Wśród sprzedawców panuje świadomość, że konsumenci dysponują ograniczonymi zasobami. W ubiegłorocznym badaniu Tpay połowa merchantów wskazywała, że spodziewa się w Black Weekend zwiększonej liczby zamówień i wartości koszyków, a kolejne 20 proc. oczekiwało większego wolumenu, ale przy niższej wartości przeciętnego koszyka. Ostatecznie największą popularnością cieszyły się sklepy sprzedające produkty z kategorii: moda i akcesoria, AGD/RTV i elektronika, zdrowie i uroda. W sumie jednak Polacy włożyli do koszyków mniej niż podczas tygodnia wyprzedaży w poprzedzającym roku.

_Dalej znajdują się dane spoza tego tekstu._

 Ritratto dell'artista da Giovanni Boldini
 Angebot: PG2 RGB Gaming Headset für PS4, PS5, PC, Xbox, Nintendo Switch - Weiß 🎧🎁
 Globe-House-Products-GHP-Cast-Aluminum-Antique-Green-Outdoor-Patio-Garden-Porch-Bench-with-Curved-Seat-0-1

W tym roku e-sklepy będą musiały przestrzegać przepisów unijnej dyrektywy Omnibus, która wprowadziła obowiązek rzetelnego informowania o cenach przed wdrożeniem promocyjnej oferty. W ubiegłym roku tylko niektóre, największe sklepy dostosowały się do niej, ponieważ formalnie weszła ona w życie dopiero 1 stycznia 2023 roku i od tego dnia obowiązuje wszystkich sprzedawców – zarówno internetowych, jak i stacjonarnych. Dyrektywa zobowiązuje sklepy do pokazywania, jaka była najniższa cena danego towaru w ciągu 30 dni przed obniżką. Co więcej, procent obniżki musi być określony względem tej ceny. To na pewno pomoże w zwiększeniu transparentności promocji, ale z drugiej strony może spowodować, że w tym roku przeceny będą mniejsze niż w ubiegłych latach, zostaną bowiem urealnione.

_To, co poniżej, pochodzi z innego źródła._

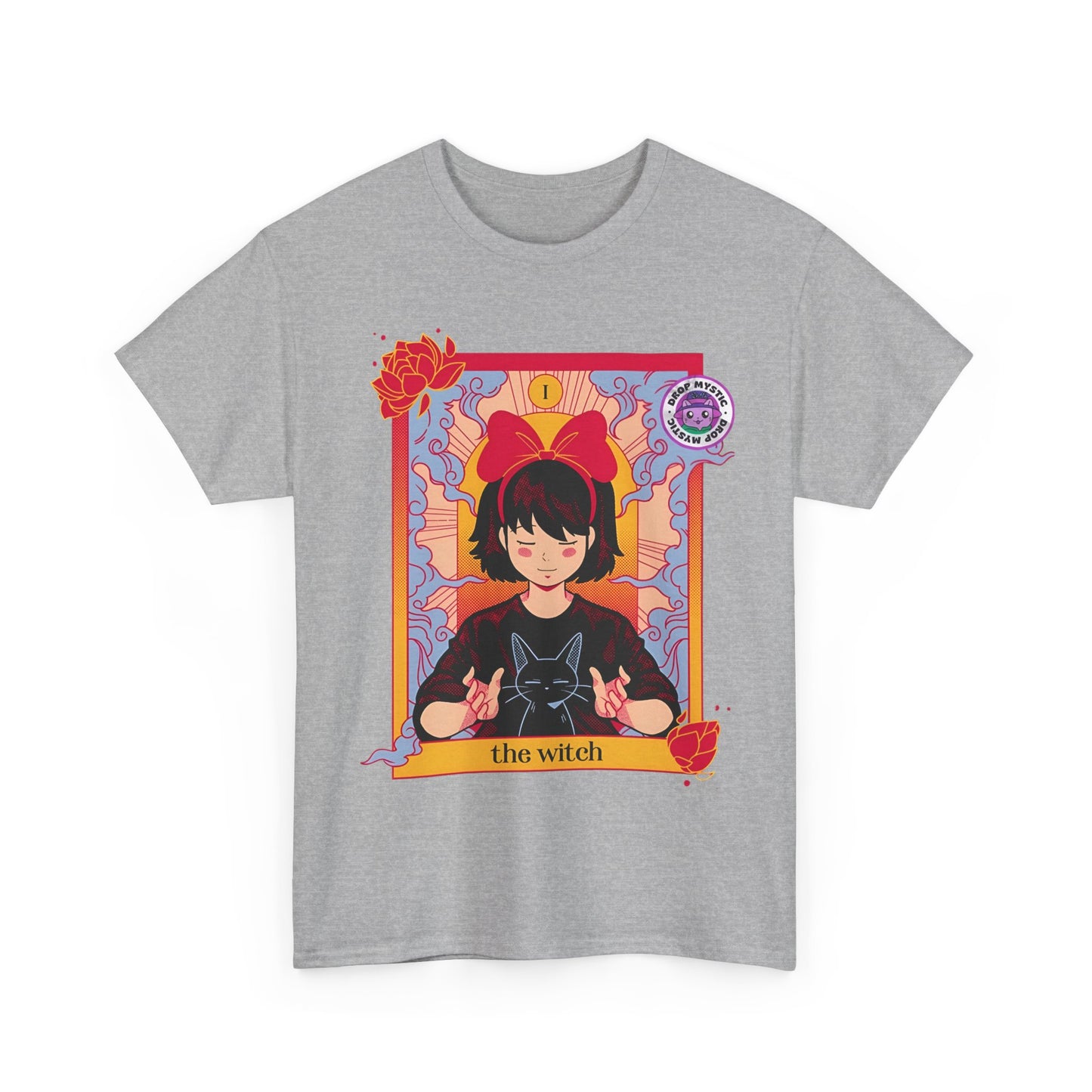 Kiki The Witch Ghibli T-Shirt | 100% Cotton Anime Graphic Tee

Warto również pamiętać, że Black Friday to nie tylko święto wyprzedaży online. Według Statisty jedna trzecia Polaków deklarowała, że w ciągu całego weekendu wyprzedaży spodziewa się zaspokoić swoje zapotrzebowanie na zakupy w sklepach stacjonarnych. Mniej zakupów offline planowali tylko konsumenci w Stanach Zjednoczonych, Wielkiej Brytanii, Niemczech, Szwecji i Włoszech. W pozostałych 11 przebadanych krajach, głównie europejskich, klienci zdecydowanie chętniej planowali odwiedzenie sklepów stacjonarnych. To pokazuje, że offline wciąż pozostaje w grze.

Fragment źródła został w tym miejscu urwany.